GIVEN RECORDS ->

#####

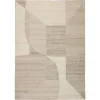 Vloerkleed Egmond Naturel 190x280 Cm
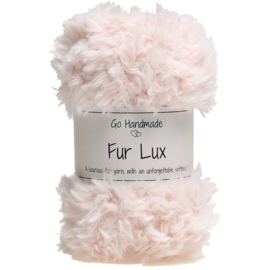 FUR LUX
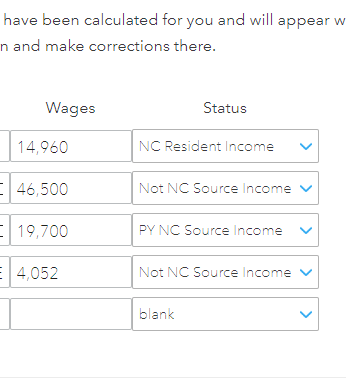 NC Income Allocation.png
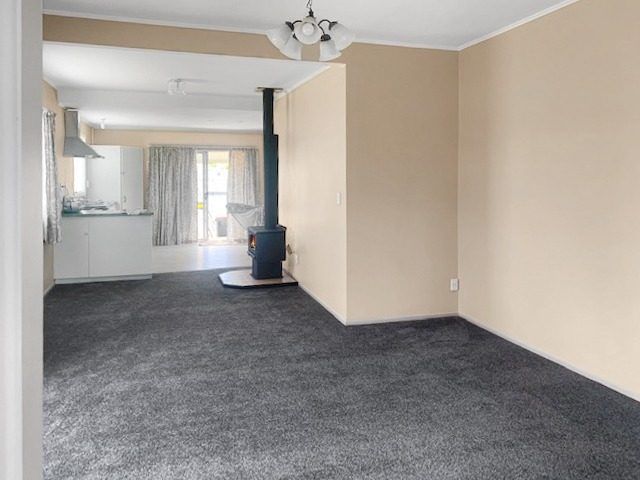  at 507 Brunswick Street, Saint Leonards, Hastings, Hawke's Bay
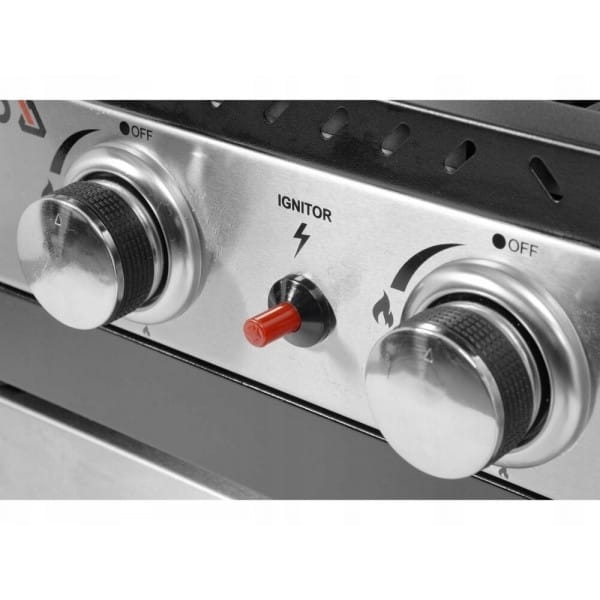 0f082c18978d597158accc6667c823d4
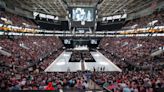 NHL Utah receives 34,000 deposits ahead of tickets going on sale this week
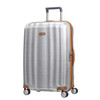 Samsonite Lite-Cube DLX Spinner 76 cm Aluminium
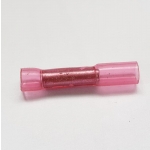 ŁĄCZNIK Z KOSZULKĄ TERMO 0,5-1,0mm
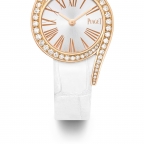 PIAGET(ピアジェ)
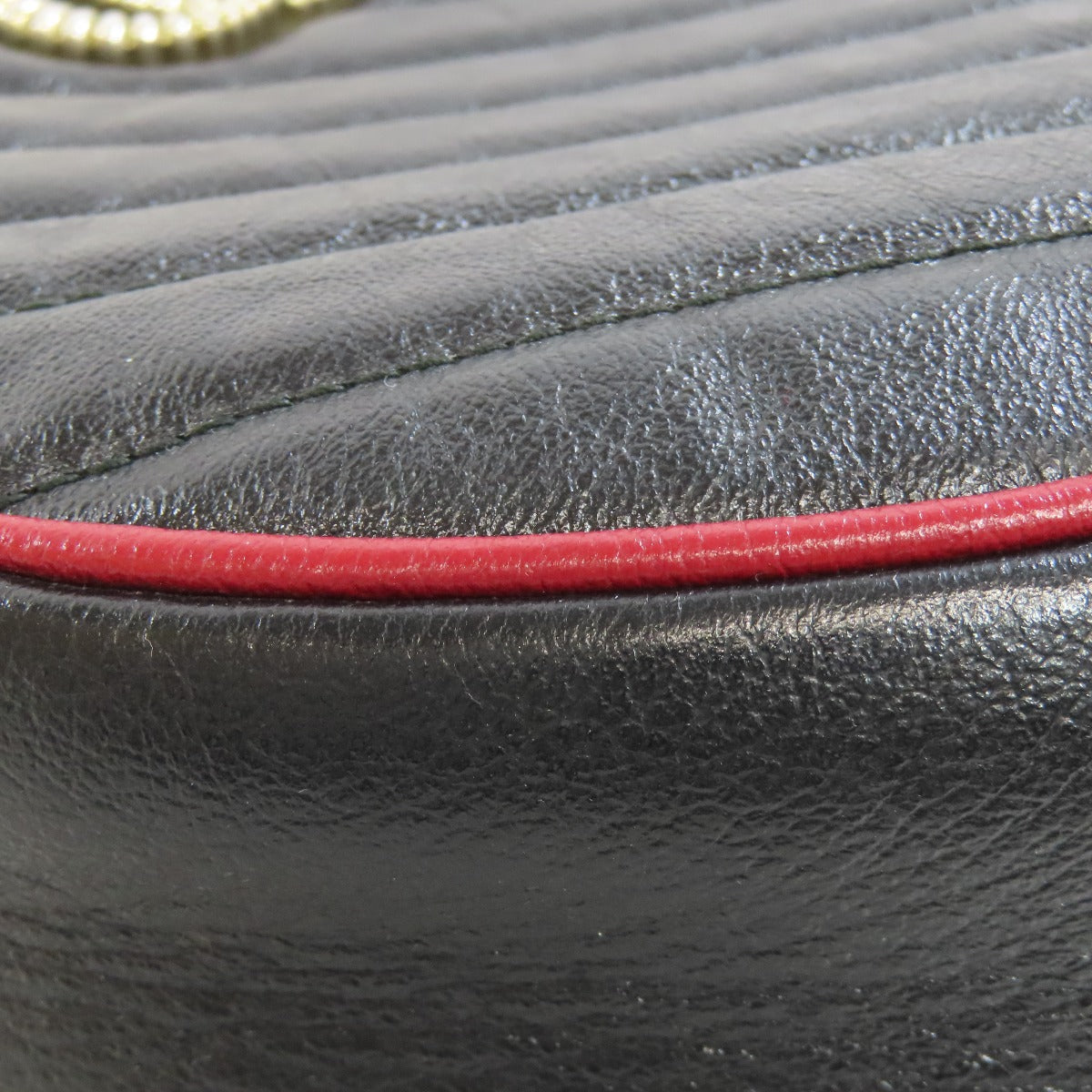 STRAPSTORY - GGC1 BAG - 2556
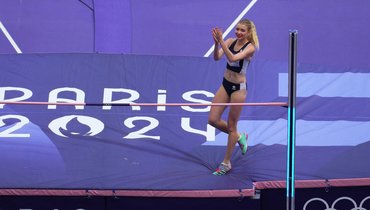 Елена Куличенко.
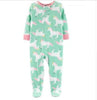2019 spring baby girl clothes  kids soft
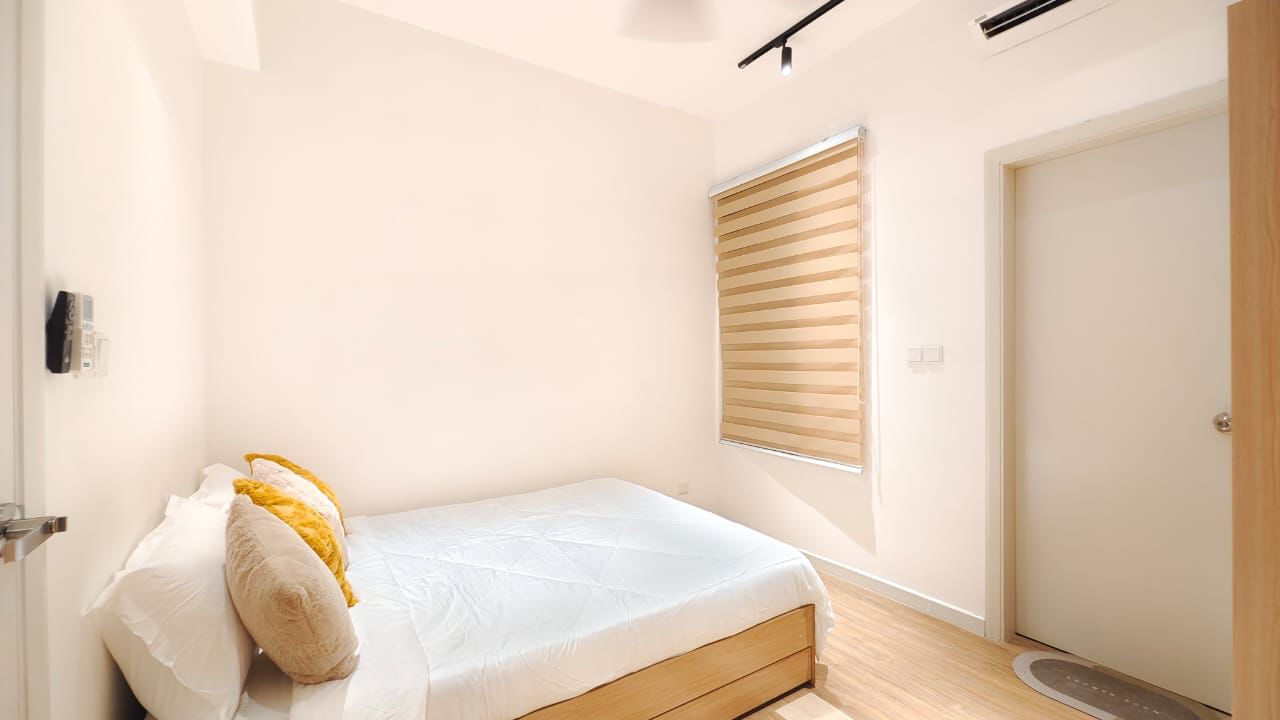 Aster Residence - photo 3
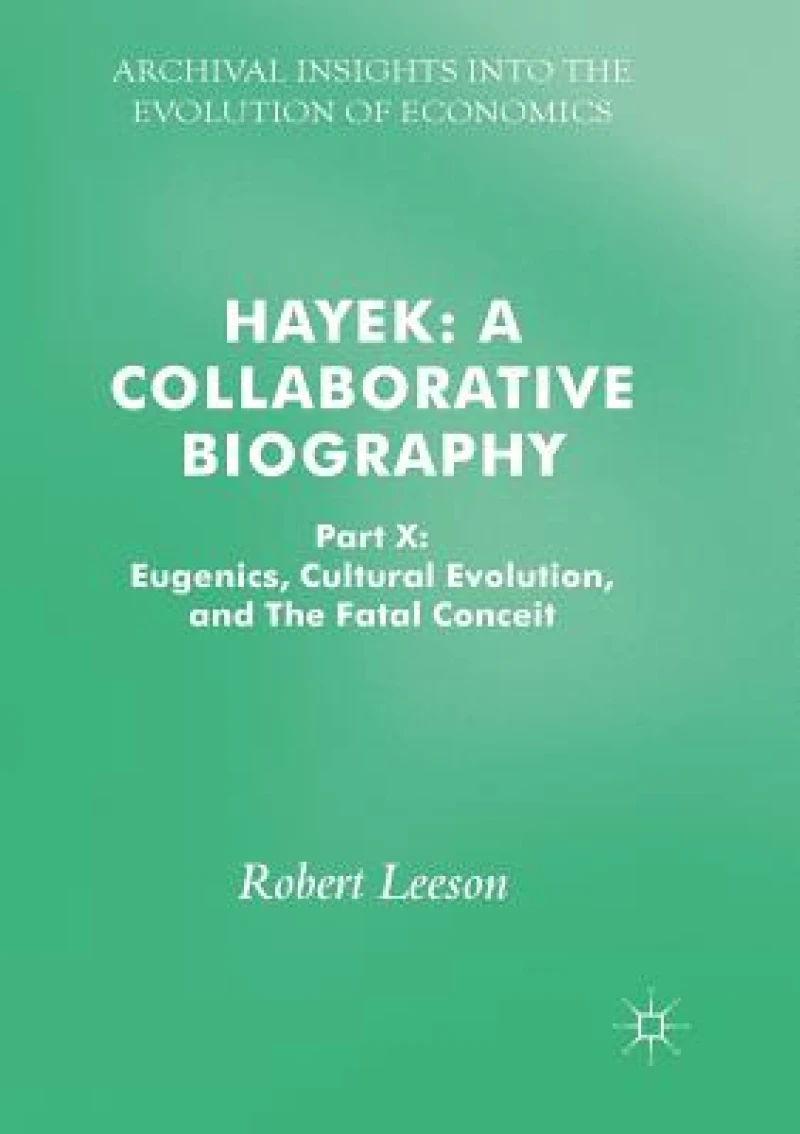 Hayek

#####

TASK INSTRUCTIONS ->
Repeat the records above exactly, omitting every picture.

EXERCISE SOLUTION ->
 Vloerkleed Egmond Naturel 190x280 Cm
 FUR LUX
 NC Income Allocation.png
  at 507 Brunswick Street, Saint Leonards, Hastings, Hawke's Bay
 0f082c18978d597158accc6667c823d4
 NHL Utah receives 34,000 deposits ahead of tickets going on sale this week
 Samsonite Lite-Cube DLX Spinner 76 cm Aluminium
 ŁĄCZNIK Z KOSZULKĄ TERMO 0,5-1,0mm
 PIAGET(ピアジェ)
 STRAPSTORY - GGC1 BAG - 2556
 Елена Куличенко.
2019 spring baby girl clothes  kids soft
 Aster Residence - photo 3
 Hayek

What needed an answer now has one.